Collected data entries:
----------------
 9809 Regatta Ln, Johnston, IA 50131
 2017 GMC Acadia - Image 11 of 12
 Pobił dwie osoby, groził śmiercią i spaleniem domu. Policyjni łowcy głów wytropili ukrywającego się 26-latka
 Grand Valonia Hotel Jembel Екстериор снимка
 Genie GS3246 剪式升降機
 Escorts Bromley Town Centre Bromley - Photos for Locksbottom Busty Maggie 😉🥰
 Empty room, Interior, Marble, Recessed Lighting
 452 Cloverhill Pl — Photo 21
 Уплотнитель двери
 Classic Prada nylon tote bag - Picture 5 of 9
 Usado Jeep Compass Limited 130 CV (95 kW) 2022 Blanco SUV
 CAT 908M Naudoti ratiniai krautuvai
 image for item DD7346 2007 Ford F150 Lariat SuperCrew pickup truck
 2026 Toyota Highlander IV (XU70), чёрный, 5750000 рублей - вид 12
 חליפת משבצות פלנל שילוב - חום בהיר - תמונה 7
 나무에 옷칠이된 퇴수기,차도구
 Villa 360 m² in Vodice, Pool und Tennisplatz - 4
----------------
Assigned task:
In the records above, find the line containing "CAT 908M Naudoti ratiniai krautuvai" and restate word for word every line from the first through that one.

Answer to this task:
 9809 Regatta Ln, Johnston, IA 50131
 2017 GMC Acadia - Image 11 of 12
 Pobił dwie osoby, groził śmiercią i spaleniem domu. Policyjni łowcy głów wytropili ukrywającego się 26-latka
 Grand Valonia Hotel Jembel Екстериор снимка
 Genie GS3246 剪式升降機
 Escorts Bromley Town Centre Bromley - Photos for Locksbottom Busty Maggie 😉🥰
 Empty room, Interior, Marble, Recessed Lighting
 452 Cloverhill Pl — Photo 21
 Уплотнитель двери
 Classic Prada nylon tote bag - Picture 5 of 9
 Usado Jeep Compass Limited 130 CV (95 kW) 2022 Blanco SUV
 CAT 908M Naudoti ratiniai krautuvai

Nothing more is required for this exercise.